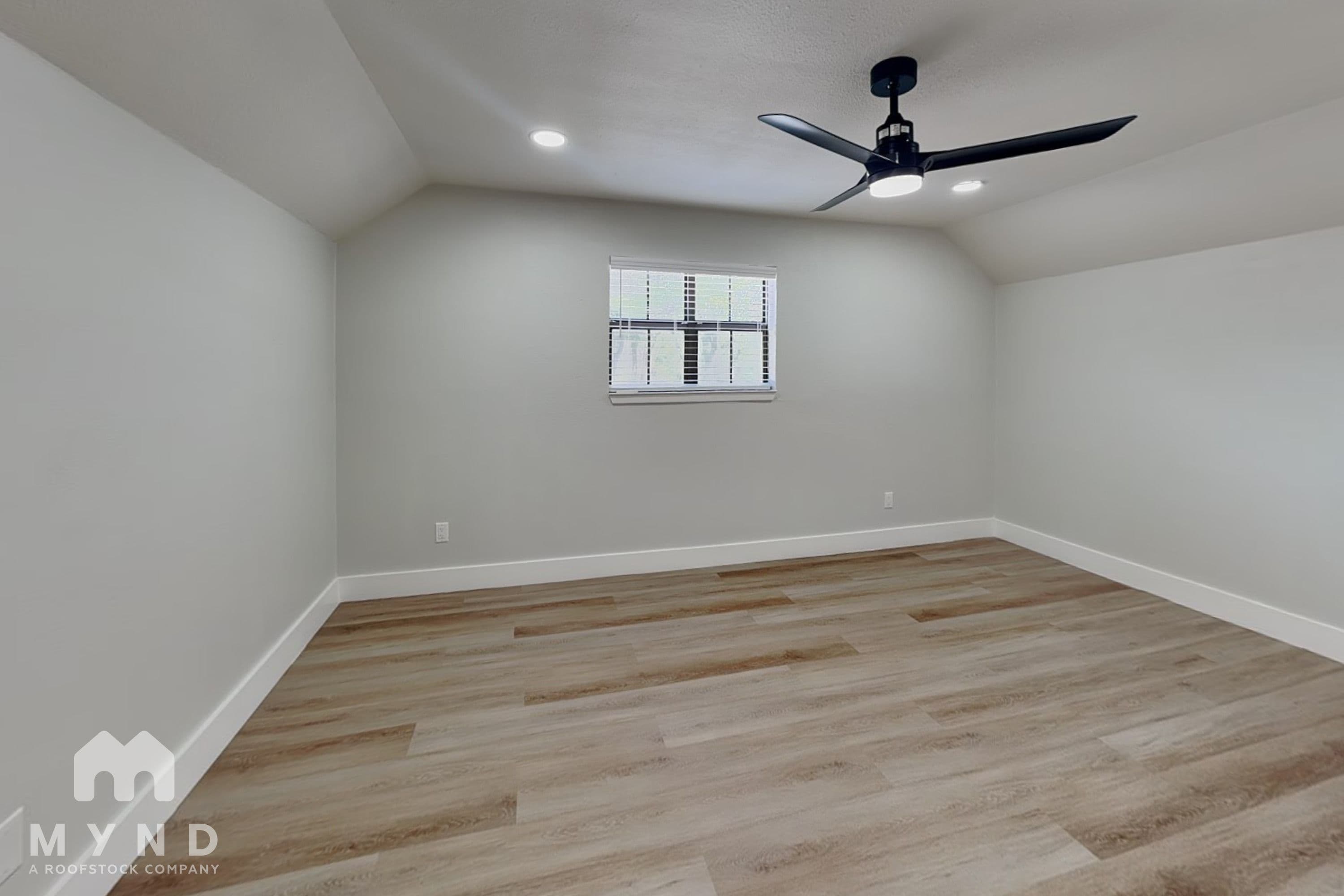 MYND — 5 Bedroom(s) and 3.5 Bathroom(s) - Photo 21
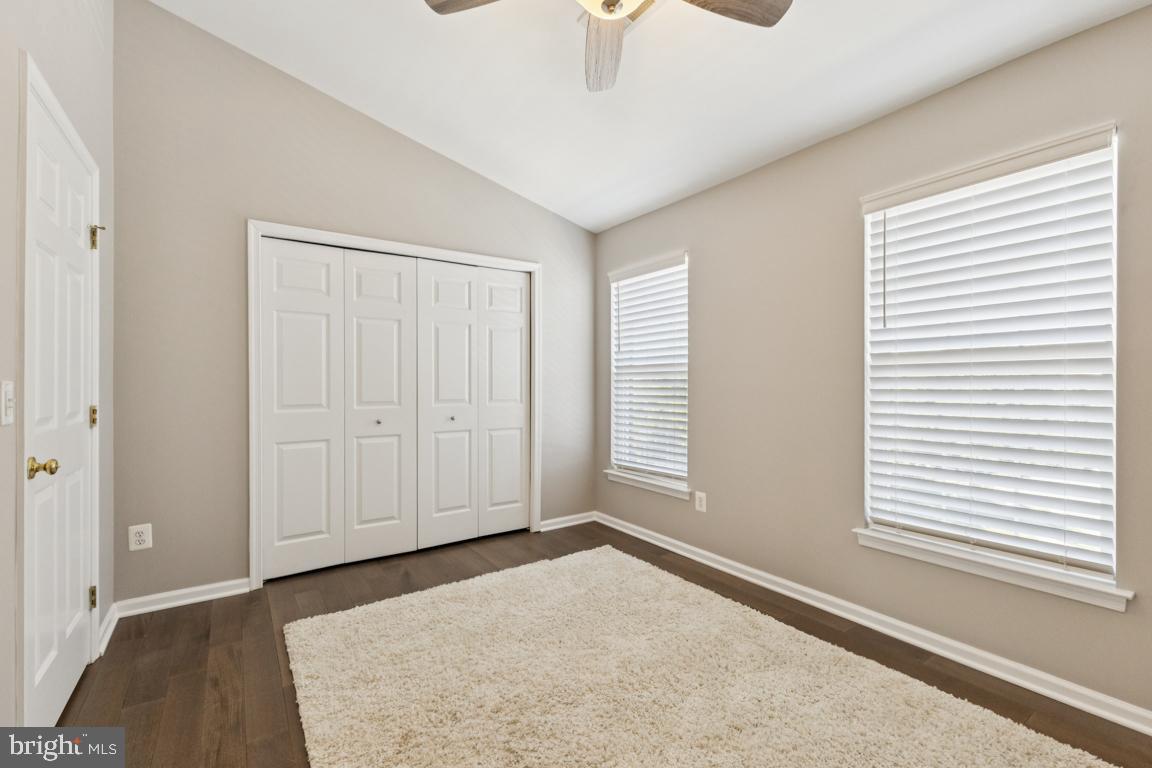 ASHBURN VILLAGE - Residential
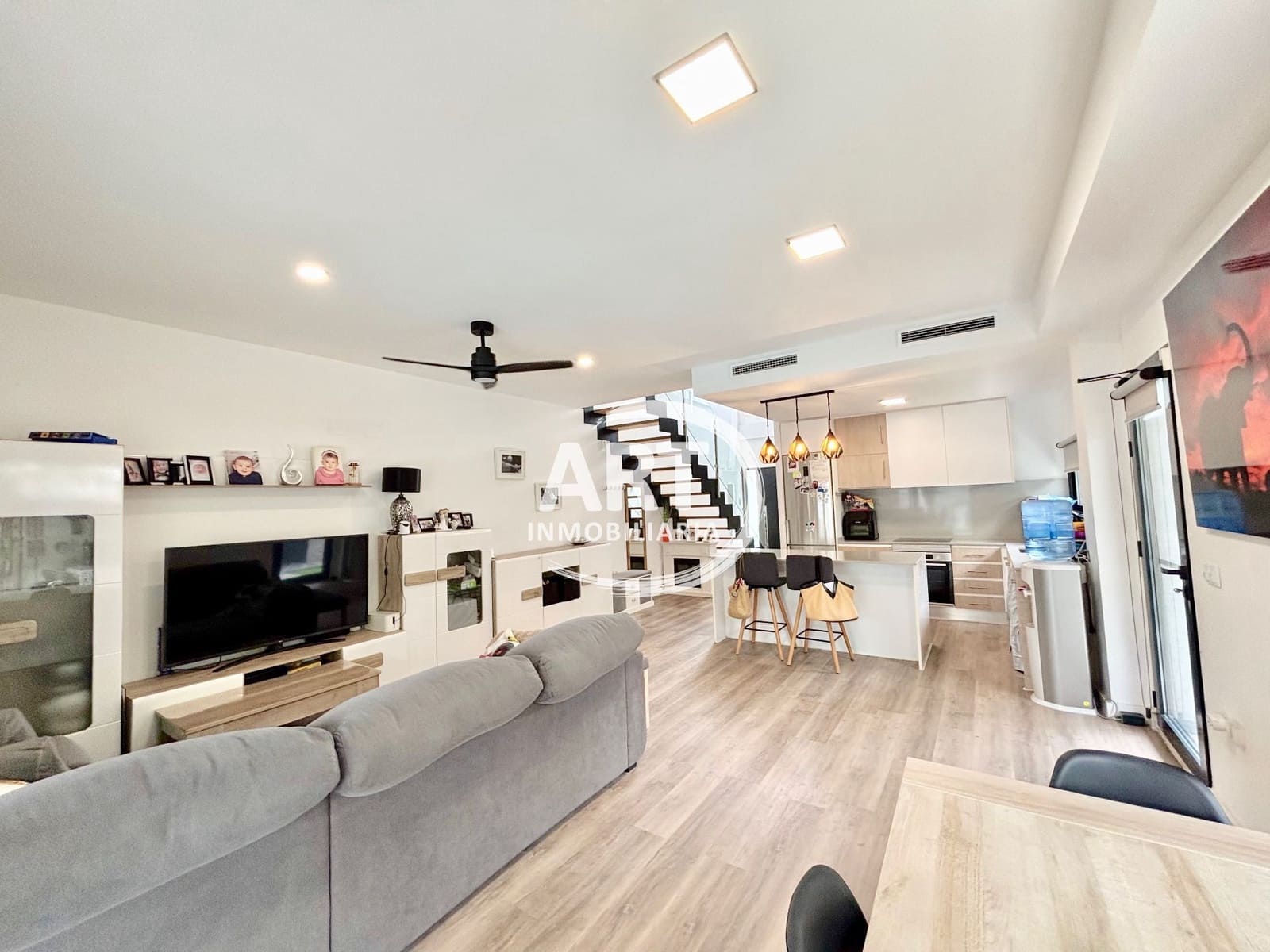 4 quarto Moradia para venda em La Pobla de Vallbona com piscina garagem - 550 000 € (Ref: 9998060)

[EXERCISE GOAL]: With the pictures omitted, write out exactly the lines from the one that contains "ASHBURN VILLAGE - Residential" through the final line of the material above, both ends included.

[ANSWER TO THIS PROBLEM]:
 ASHBURN VILLAGE - Residential
 4 quarto Moradia para venda em La Pobla de Vallbona com piscina garagem - 550 000 € (Ref: 9998060)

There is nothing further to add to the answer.